Pertanyaan pertama, apakah kita memang tidak pernah memiliki kesempatan untuk memilih saat akan dilahirkan?

Pertanyaan kedua, apakah hidup ini adil?

Pertanyaan ketiga, kenapa langit tega mengambil kebahagiaan seseorang? Kenapa takdir menyakitkan itu harus terjadi?
 
Pertanyaan keempat, setelah mendapatkan semuanya, kenapa hidup ini terasa kosong, hampa?

Pertanyaan kelima, kenapa aku harus merasakan sakit yang berkepanjangan? kenapa langit tidak mengambilku saat ini juga sehingga tidak merasakan sakit seperti ini?

Dengan amat rinci, seorang yang berjawah menyenangkan itu menjelaskan jawaban kepada Rey atas lima pertanyaan itu.
Setelah mendapatkan jawaban atas lima pertanyaan itu, Ray akan mendapatkan waktu lima hari untuk memperbaiki segalanya. Untuk menyiapkan bekal perjalanan jauh yang abadi.

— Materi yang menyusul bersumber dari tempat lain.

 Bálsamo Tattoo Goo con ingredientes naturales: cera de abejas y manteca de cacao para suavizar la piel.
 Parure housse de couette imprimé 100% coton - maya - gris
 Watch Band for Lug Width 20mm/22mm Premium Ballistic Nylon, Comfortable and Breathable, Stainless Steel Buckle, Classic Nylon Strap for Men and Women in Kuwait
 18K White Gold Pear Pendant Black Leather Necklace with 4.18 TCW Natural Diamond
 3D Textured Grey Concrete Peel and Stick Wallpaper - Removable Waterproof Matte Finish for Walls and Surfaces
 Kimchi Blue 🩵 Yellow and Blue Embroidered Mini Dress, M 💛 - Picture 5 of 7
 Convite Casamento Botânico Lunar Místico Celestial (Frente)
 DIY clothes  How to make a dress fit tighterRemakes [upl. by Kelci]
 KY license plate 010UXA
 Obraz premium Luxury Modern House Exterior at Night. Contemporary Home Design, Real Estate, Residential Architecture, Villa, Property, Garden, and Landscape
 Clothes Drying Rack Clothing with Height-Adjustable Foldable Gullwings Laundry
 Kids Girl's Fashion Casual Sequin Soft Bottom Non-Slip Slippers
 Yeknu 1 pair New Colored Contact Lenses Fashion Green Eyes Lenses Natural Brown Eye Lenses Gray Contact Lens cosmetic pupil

Terima kasih kepada Perpustakaan Kampus yang telah menyediakan dan meminjamkan buku ini kepada gua.

Sekian, Wassalamualaikum!

Mengapa Tuhan memudahkan jalan bagi orang orang jahat? Mengapa Tuhan justru mengambil kebahagiaan dari orang-orang baik? Itulah bentuk keadilan langit yang tidak akan pernah kita pahami secara sempurna. Beribu wajahnya. Berjuta bentuknya. Hanya satu cara untuk berkenalan dengan bentuk-bentuk itu. Selalulah berprasangka baik. Aku tahu kata-kata ini tetap saja sulit dimengerti. Aku sederhanakan bagimu, Ray. Maksudnya adalah selalulah berharap sedikit. Ya, berharap sedikit, memberi banyak. Maka kau akan siap menerima segala bentuk keadilan tuhan.